Он уложил барахло в халат, завязал сверток рукавами, потащил к двери. На пороге остановился, посмотрел, нет ли кого на дороге. Холодный туман подбирался к штакетнику, хорошему, ровному, прямому, сам еще летом врывал новые столбы, а она сидела на веранде, перебирала клубнику, у нее были очень белые руки, никогда не загорала, темно-рыжие волосы и веснушки на переносице. Она была не толстой, но со временем обязательно бы располнела. И странно – к ней как-то приезжала сестра из деревни, маленькая, смуглая, будто из другого племени. Но сестра.
Дорога была пуста. Собирался дождь, и, наверное, от этого никак не светлело. Он поволок сверток по тропинке к сараю. Стало очень жарко, словно взбирался на гору.
У старого заброшенного колодца, из которого давным-давно ушла вода и который он все собирался расчистить, да не было денег, чтобы нанять мастера, а сам не мог, он остановился. Потом поднял узел на сруб – только два бревна над травой – и толкнул. Узел послушно скользнул вниз, упал на мягкое, недалеко, метрах в двух, что-то в нем звякнуло, наверное, вилки. Он вытер о пиджак потные ладони.
Надо спешить, спешить... еще столько работы осталось. А в любой момент кто-то может появиться. Ну хотя бы на соседней даче. Они, правда, не приезжали уже недели две, но чем черт не шутит... Он побежал в сарай, отыскал там в куче хлама лом, а топора не было. И лопаты не было. Вспомнил, что лопата стоит у дома. Бросил лом у колодца, поспешил к дому, лопата стояла, прислоненная к стене. А топор? Топор в комнате. Он вернулся в дом, часто дыша и не имея времени перевести дух, у дверей поднял с пола топор, еще раз огляделся – увидел на столе шкатулку с ее письмами и всякими бумажками, подхватил ее, побежал обратно, от двери кинул взгляд в комнату, будто уже не смог бы вернуться сюда вновь, – на стуле лежала ее шляпа, круглая, без полей, она носила ее набекрень, вернулся, взял и шляпу.

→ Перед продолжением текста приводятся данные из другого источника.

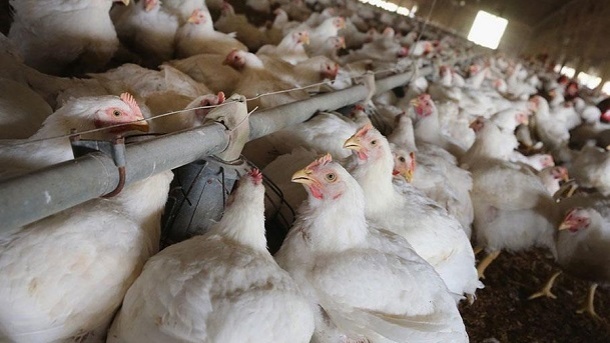 ممنوعیت خروج مرغ از استانها لغو شد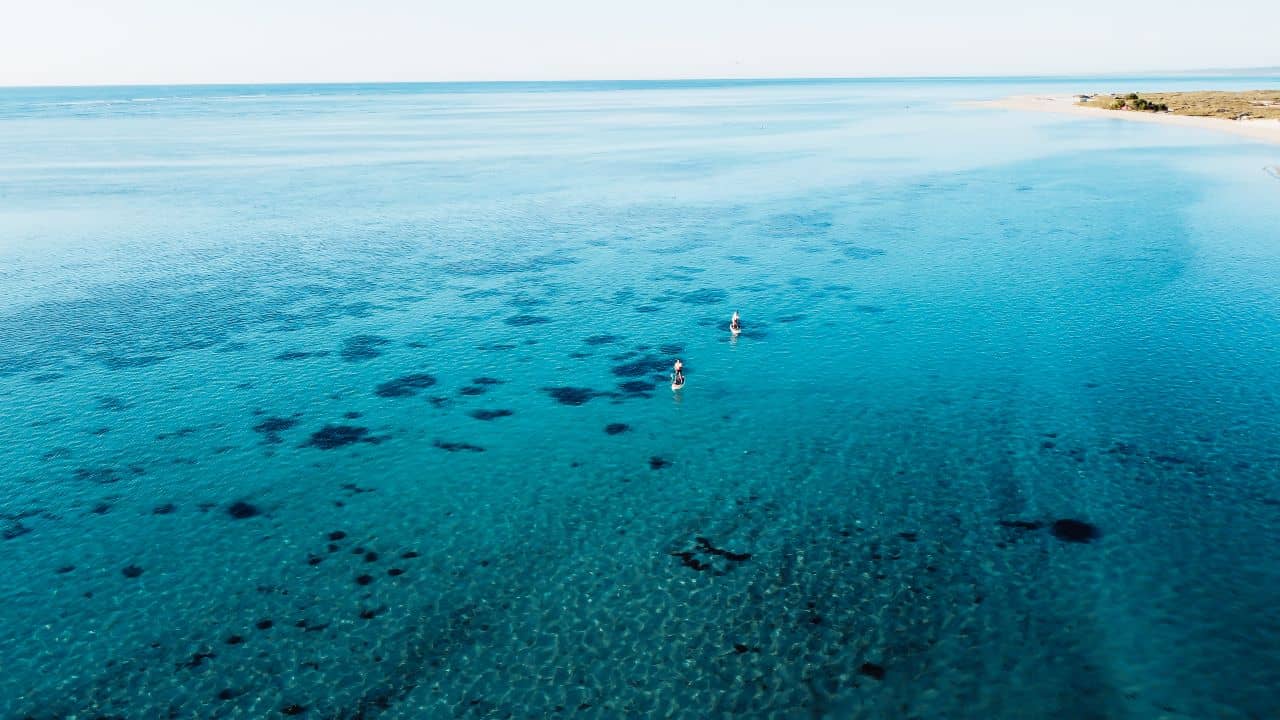 Stand up paddle boarding and amazing tours to do in Coral Bay, Western Australia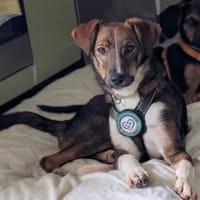 Delvin sucht sein Für-Immer-Zuhause, Hund zur Adoption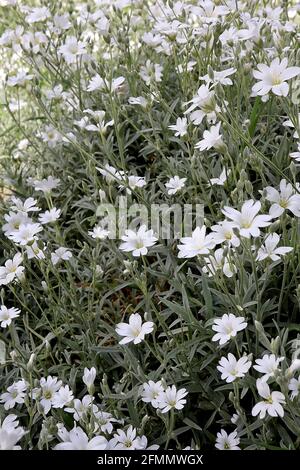 Cerastium tomentosum Schnee-im-Sommer / staubiger Müller – gekerbte weiße Blüten mit grauen Streifen und behaarten kleinen silbergrauen Blättern, Mai, England, UK Stockfoto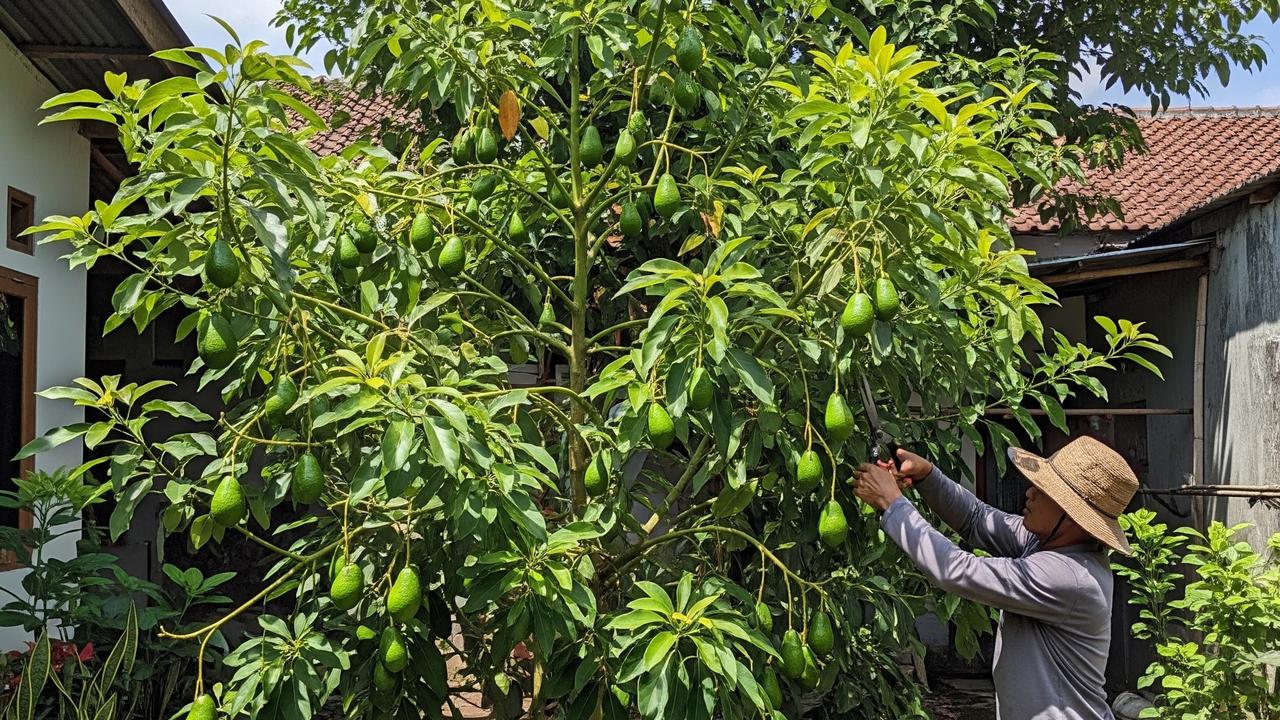9 Cara Memangkas Pohon Alpukat agar Cepat Berbuah dan Tidak Menjulang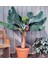 Bodur Muz Tohumu(Cavendish Dwarf Banana) [Tohhum Ev Bahçe] 1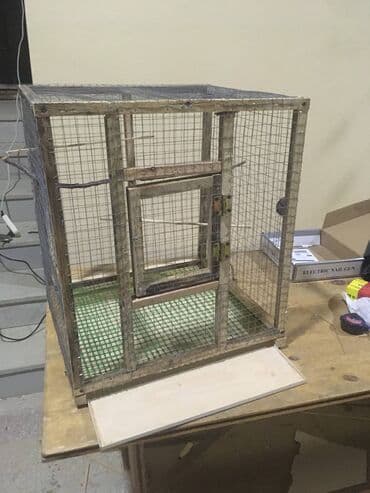 Qefes tezedi, hec istifade olunmayib. quslarin rahatigi ucun genisdir lalafo.az -da Qefes tezedi, hec istifade olunmayib. quslarin rahatigi ucun genisdir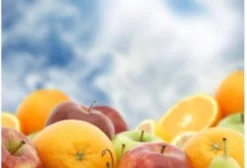 Indústria de Polpa de Frutas Congeladas à Venda - Recife/PE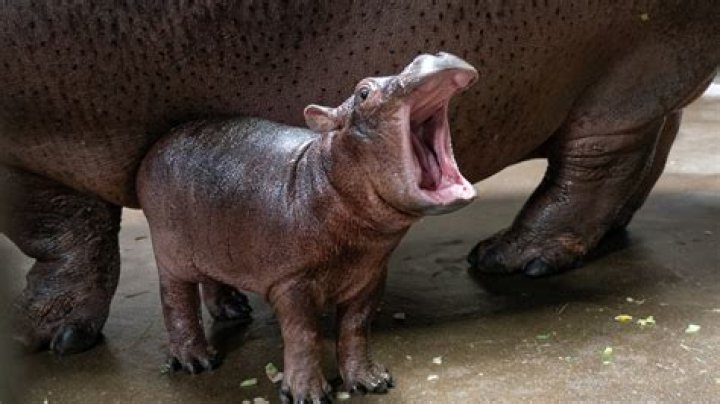 Unveiling The Wonders Of Hippos With Down Syndrome: Discoveries And Insights
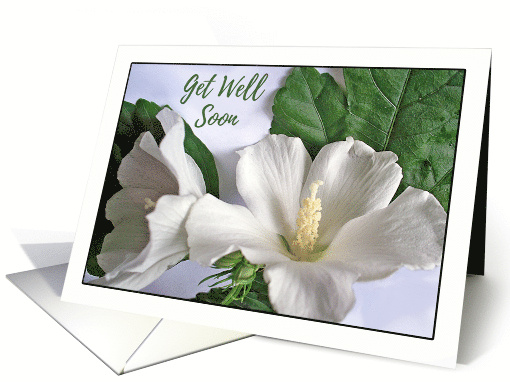 Get Well from Surgery with White Hibiscus Rose of Sharon card (810753)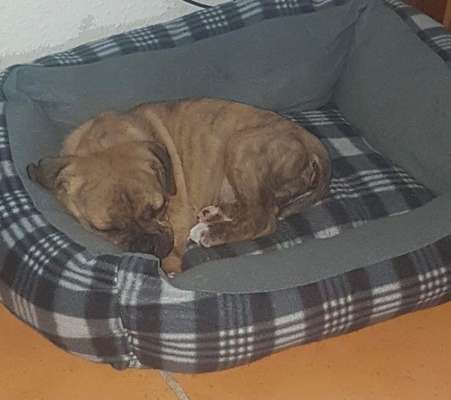 Welpen Bilder !-Beitrag-Bild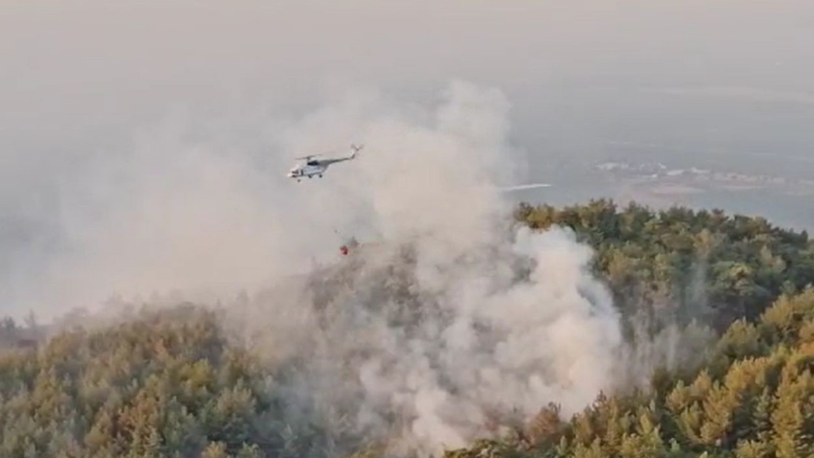 Aydın'daki orman yangınında 2’nci gün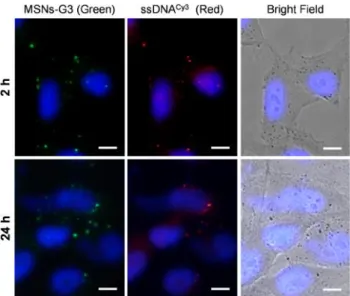 Figure 11. Fluorescence microscopy images at 2 and 24 h of HOS cell culture after incubation with ssDNA Cy3 /MSNs-G3 (0.75  g/mL : 10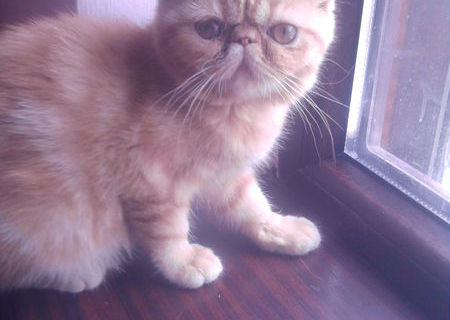 vand pisicuta  exotic shorthair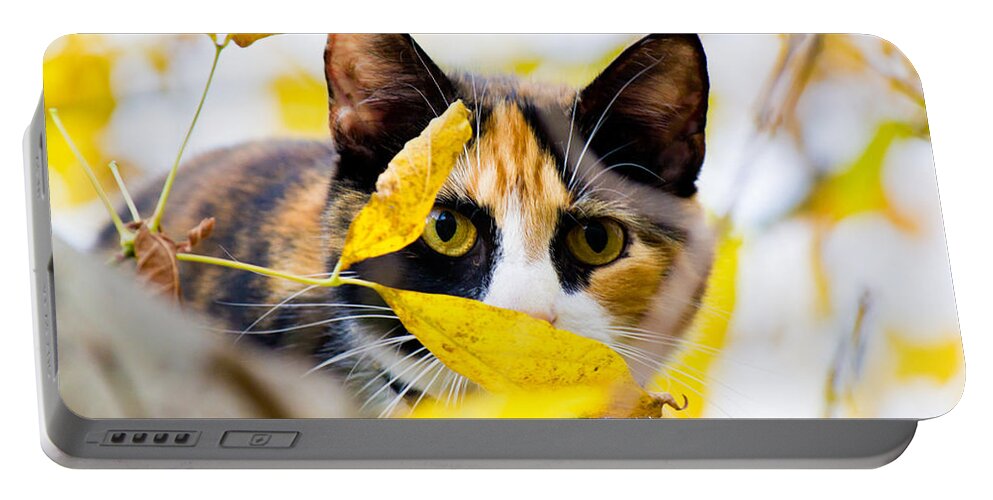 Cat Portable Battery Charger featuring the photograph Cat on the Prowl by Jonny D
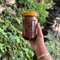 Dry Sidra  Fish Achar
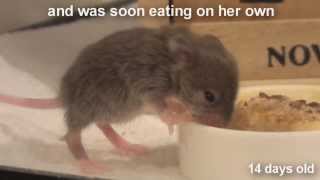 Raising a Baby Mouse 1010 Weaning [upl. by Sarat]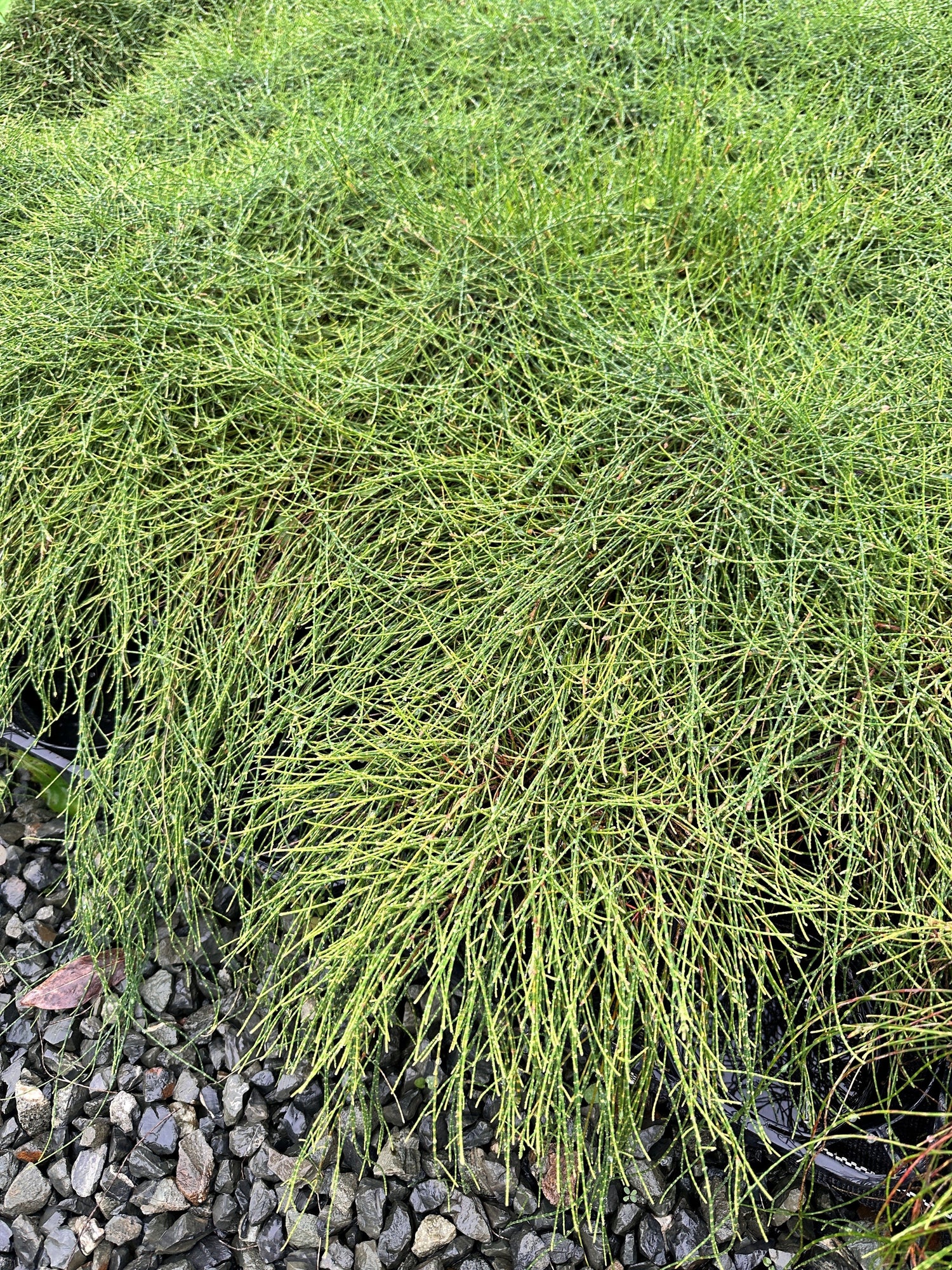 Groundcovers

Он расшатывал, разваливал ломом бревна, бревна сруба были старыми, кое-где подгнили, но держались крепко, скрип стоял на весь поселок, наконец одно бревно поддалось, отвалилось в сторону, он выпрямился, и тут его кто-то спросил, совсем рядом:
– Помочь, может, хозяин?
– Что? – И сразу наступило спокойствие. Все погибло. Он ждал этого голоса. Лучше было поджечь дачу и бежать – бежать без оглядки.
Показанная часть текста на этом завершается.